Horror was beginning to work its way through the icy shock. “You didn’t kill him?”
Nate shook his head. “He was on his way out, anyway. No need to hurry him along. Besides, been there, done that, got the T-shirt. I don’t like repeating myself.”
“What are you talking about?”
Nate’s skeletal smile was oddly innocent. “My parents, precious. How do you think they managed to get locked in the house the night the fire broke out, and I got out safely? No one ever suspected a ten-year-old boy capable of such a thing. But I was. Oh, believe me, I was.”
She wanted to throw up. “Why?”
Nate shrugged. “Because they were there. They were talking about sending me away, so I just decided to take matters into my own hands. I knew Aunt Isobel would give me free rein. She always wanted a son, and there I was, blood of her blood.”

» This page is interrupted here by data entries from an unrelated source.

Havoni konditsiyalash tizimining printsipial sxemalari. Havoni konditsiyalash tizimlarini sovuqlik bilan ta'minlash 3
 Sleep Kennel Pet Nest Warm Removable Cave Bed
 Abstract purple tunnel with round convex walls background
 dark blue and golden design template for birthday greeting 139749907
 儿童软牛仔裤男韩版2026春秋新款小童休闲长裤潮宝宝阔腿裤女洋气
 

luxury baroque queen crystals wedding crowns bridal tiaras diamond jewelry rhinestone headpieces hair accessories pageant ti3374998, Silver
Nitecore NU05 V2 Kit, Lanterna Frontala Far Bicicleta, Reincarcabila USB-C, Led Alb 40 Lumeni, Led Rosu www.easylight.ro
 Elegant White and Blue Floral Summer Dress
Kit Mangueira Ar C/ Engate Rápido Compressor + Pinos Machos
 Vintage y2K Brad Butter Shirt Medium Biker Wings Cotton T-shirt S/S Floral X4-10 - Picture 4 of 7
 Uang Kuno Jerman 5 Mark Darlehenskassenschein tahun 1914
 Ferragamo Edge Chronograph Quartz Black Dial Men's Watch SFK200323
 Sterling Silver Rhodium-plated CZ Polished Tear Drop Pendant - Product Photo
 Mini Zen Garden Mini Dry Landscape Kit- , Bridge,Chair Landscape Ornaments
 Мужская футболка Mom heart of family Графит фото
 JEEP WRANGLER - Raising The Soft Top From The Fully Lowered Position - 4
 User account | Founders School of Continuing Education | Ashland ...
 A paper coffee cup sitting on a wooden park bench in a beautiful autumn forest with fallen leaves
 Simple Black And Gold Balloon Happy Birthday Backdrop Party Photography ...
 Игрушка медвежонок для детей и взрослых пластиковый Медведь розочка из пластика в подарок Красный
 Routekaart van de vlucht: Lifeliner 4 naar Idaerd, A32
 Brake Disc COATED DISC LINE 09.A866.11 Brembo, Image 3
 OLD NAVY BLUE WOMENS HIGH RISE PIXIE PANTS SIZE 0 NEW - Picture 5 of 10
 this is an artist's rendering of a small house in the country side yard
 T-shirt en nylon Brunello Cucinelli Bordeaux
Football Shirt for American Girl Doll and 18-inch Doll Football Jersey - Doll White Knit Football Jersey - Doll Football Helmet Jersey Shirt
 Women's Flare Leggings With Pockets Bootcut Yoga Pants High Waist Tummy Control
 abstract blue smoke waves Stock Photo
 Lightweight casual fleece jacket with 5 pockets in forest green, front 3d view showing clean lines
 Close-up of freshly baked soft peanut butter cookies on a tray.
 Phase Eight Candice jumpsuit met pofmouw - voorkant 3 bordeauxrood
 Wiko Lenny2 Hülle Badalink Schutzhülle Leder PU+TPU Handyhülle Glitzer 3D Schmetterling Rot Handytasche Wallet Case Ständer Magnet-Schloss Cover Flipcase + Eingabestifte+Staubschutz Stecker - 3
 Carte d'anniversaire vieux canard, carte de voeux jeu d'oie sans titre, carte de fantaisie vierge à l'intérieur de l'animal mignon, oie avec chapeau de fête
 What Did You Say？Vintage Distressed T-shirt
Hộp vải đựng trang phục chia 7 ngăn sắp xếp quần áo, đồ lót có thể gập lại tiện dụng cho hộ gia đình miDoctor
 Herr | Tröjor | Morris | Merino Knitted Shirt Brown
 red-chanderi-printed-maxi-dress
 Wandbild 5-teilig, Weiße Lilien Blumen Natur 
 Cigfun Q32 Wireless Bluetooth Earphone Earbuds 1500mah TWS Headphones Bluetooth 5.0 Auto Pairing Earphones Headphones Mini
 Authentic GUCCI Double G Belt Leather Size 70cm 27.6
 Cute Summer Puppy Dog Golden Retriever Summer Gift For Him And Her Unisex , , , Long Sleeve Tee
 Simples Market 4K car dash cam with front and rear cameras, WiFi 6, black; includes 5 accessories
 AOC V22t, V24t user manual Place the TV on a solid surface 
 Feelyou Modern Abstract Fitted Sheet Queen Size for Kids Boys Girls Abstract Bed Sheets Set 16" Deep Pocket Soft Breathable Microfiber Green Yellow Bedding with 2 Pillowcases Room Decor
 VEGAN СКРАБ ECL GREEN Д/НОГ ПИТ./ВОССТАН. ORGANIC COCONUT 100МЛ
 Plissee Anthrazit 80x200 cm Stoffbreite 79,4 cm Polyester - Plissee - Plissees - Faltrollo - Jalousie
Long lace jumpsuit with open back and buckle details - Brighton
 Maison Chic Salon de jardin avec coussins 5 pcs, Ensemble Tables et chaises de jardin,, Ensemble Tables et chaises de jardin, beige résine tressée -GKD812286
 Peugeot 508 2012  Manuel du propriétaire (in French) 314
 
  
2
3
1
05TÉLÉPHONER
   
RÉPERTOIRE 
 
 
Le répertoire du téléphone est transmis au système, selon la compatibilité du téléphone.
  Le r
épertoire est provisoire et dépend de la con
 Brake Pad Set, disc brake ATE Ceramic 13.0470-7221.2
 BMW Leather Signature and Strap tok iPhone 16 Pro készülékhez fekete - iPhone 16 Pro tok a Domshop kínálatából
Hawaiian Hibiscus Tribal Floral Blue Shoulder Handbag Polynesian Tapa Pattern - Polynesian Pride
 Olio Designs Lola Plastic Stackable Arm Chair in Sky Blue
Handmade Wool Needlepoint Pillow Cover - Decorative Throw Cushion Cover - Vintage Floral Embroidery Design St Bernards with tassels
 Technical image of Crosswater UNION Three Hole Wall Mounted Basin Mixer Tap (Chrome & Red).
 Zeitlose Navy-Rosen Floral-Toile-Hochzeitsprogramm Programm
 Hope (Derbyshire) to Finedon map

“Weren’t you afraid she’d find out what you’d done?”
“Oh, I’m sure she guessed. And she still loved me better. Hush!”
In the distance the sound of a car broke the icy silence. “He was faster than I thought. He must really love you, precious.”
“He doesn’t love me. He doesn’t give a rat’s ass about me.”
Nate shook his head, shifting the gun across his lap as the sound of the engine cut out and a car door opened. “You never were that stupid. Maybe he fucked your brains as well as your body. He’s been mooning over you since you were fifteen. Of course, he was wrong about that. It wasn’t really you he wanted.”